= Tree stack automaton =

A tree stack automaton (Note: not to be confused with a device with the same name introduced in 1990 by Wolfgang Golubski and Wolfram-M. Lippe) (plural: tree stack automata) is a formalism considered in automata theory. It is a finite-state automaton with the additional ability to manipulate a tree-shaped stack. It is an automaton with storage whose storage roughly resembles the configurations of a thread automaton. A restricted class of tree stack automata recognises exactly the languages generated by multiple context-free grammars (or linear context-free rewriting systems).

==Definition==
===Tree stack===

A tree stack with stack pointer 1.2 and domain {ε, 1, 42, 1.2, 1.5, 1.5.3}

For a finite and non-empty set Γ, a tree stack over Γ is a tuple (t, p) where
- t is a partial function from strings of positive integers to the set Γ ∪ {@} with prefix-closed (Note: A set of strings is prefix-closed if for every element w in the set, all prefixes of w are also in the set.) domain (called tree),
- @ (called bottom symbol) is not in Γ and appears exactly at the root of t, and
- p is an element of the domain of t (called stack pointer).
The set of all tree stacks over Γ is denoted by TS(Γ).

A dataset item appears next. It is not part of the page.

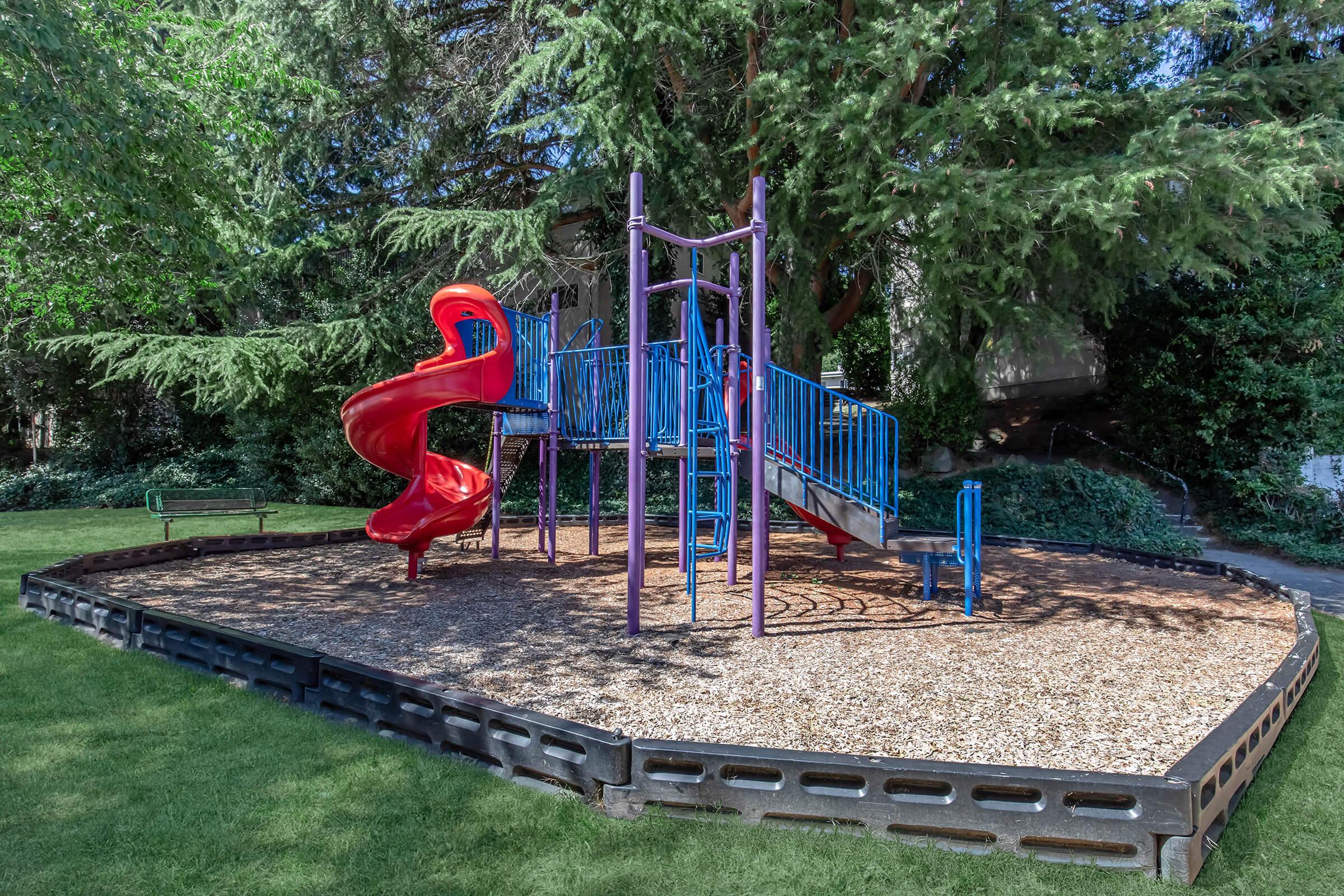 Colorful playground structure featuring a red slide, climbing area, and various play equipment, surrounded by a grassy area and trees, with a gentle wood chip surface beneath.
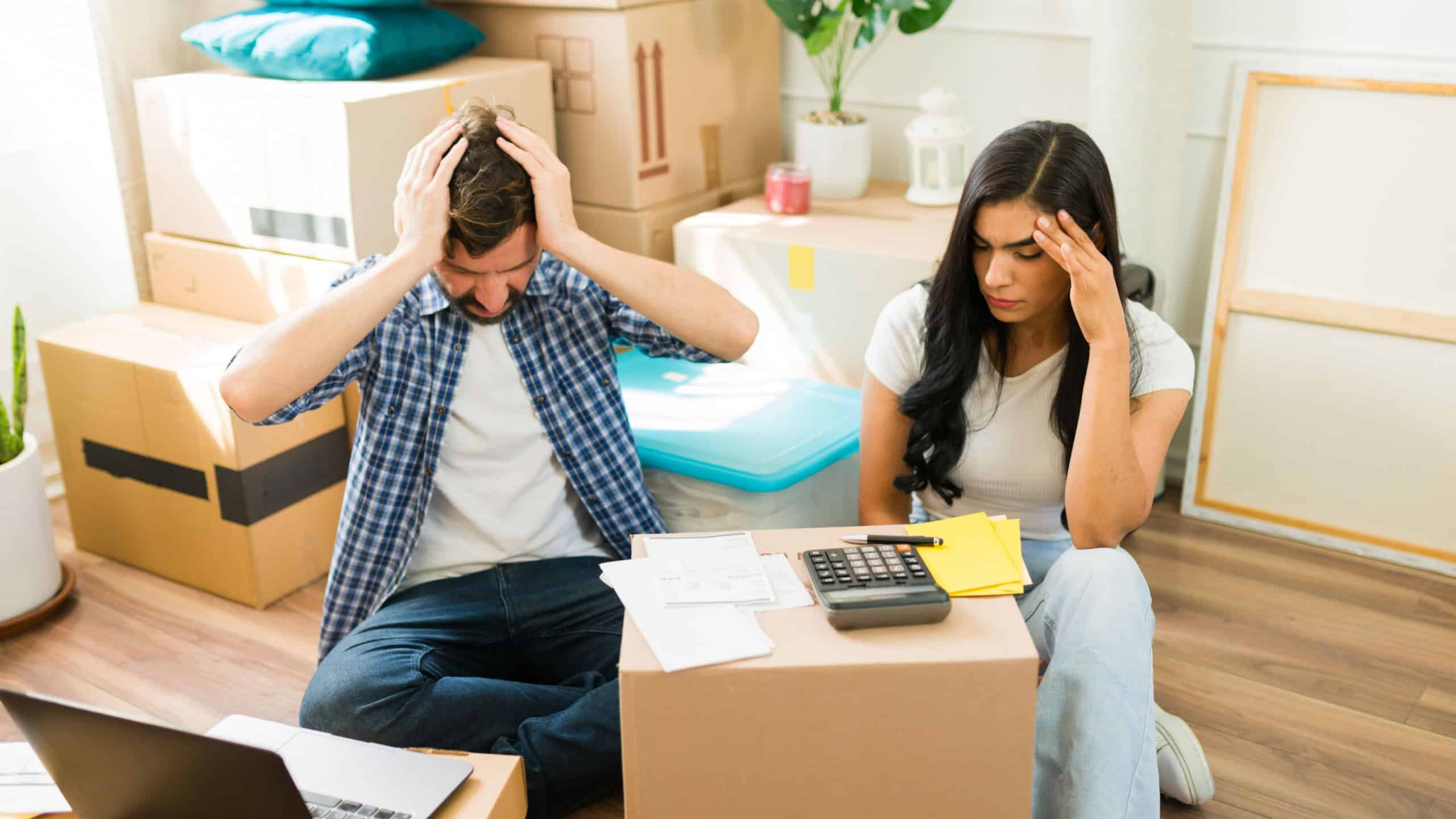 Young couple is sitting on the floor surrounded by moving boxes and feeling stressed while planning their budget in their new home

The set of predicates on TS(Γ), denoted by Pred(Γ), contains the following unary predicates:
- true which is true for any tree stack over Γ,
- bottom which is true for tree stacks whose stack pointer points to the bottom symbol, and
- equals(γ) which is true for some tree stack (t, p) if t(p) = γ,
for every γ ∈ Γ.

The set of instructions on TS(Γ), denoted by Instr(Γ), contains the following partial functions:
- id: TS(Γ) → TS(Γ) which is the identity function on TS(Γ),
- push_{n,γ}: TS(Γ) → TS(Γ) which adds for a given tree stack (t,p) a pair (pn ↦ γ) to the tree t and sets the stack pointer to pn (i.e. it pushes γ to the n-th child position) if pn is not yet in the domain of t,
- up_{n}: TS(Γ) → TS(Γ) which replaces the current stack pointer p by pn (i.e. it moves the stack pointer to the n-th child position) if pn is in the domain of t,
- down: TS(Γ) → TS(Γ) which removes the last symbol from the stack pointer (i.e. it moves the stack pointer to the parent position), and
- set_{γ}: TS(Γ) → TS(Γ) which replaces the symbol currently under the stack pointer by γ,
for every positive integer n and every γ ∈ Γ.

| Illustration of the instruction id on a tree stack | Illustration of the instruction push on a tree stack | Illustration of the instructions up and down on a tree stack | Illustration of the instruction set on a tree stack |

===Tree stack automata===
A tree stack automaton is a 6-tuple A = (Q, Γ, Σ, q_{i}, δ, Q_{f}) where
- Q, Γ, and Σ are finite sets (whose elements are called states, stack symbols, and input symbols, respectively),
- q_{i} ∈ Q (the initial state),
- δ ⊆_{fin.} Q × (Σ ∪ {ε}) × Pred(Γ) × Instr(Γ) × Q (whose elements are called transitions), and
- Q_{f} ⊆ TS(Γ) (whose elements are called final states).

A configuration of A is a tuple (q, c, w) where
- q is a state (the current state),
- c is a tree stack (the current tree stack), and
- w is a word over Σ (the remaining word to be read).

A transition τ = (q_{1}, u, p, f, q_{2}) is applicable to a configuration (q, c, w) if
- q_{1} = q,
- p is true on c,
- f is defined for c, and
- u is a prefix of w.
The transition relation of A is the binary relation ⊢ on configurations of A that is the union of all the relations ⊢_{τ} for a transition τ = (q_{1}, u, p, f, q_{2}) where, whenever τ is applicable to (q, c, w), we have (q, c, w) ⊢_{τ} (q_{2}, f(c), v) and v is obtained from w by removing the prefix u.

The language of A is the set of all words w for which there is some state q ∈ Q_{f} and some tree stack c such that (q_{i}, c_{i}, w) ⊢^{*} (q, c, ε) where
- ⊢^{*} is the reflexive transitive closure of ⊢ and
- c_{i} = (t_{i}, ε) such that t_{i} assigns for ε the symbol @ and is undefined otherwise.

==Related formalisms==
Tree stack automata are equivalent to Turing machines.

A tree stack automaton is called k-restricted for some positive natural number k if, during any run of the automaton, any position of the tree stack is accessed at most k times from below.

1-restricted tree stack automata are equivalent to pushdown automata and therefore also to context-free grammars.
k-restricted tree stack automata are equivalent to linear context-free rewriting systems and multiple context-free grammars of fan-out at most k (for every positive integer k).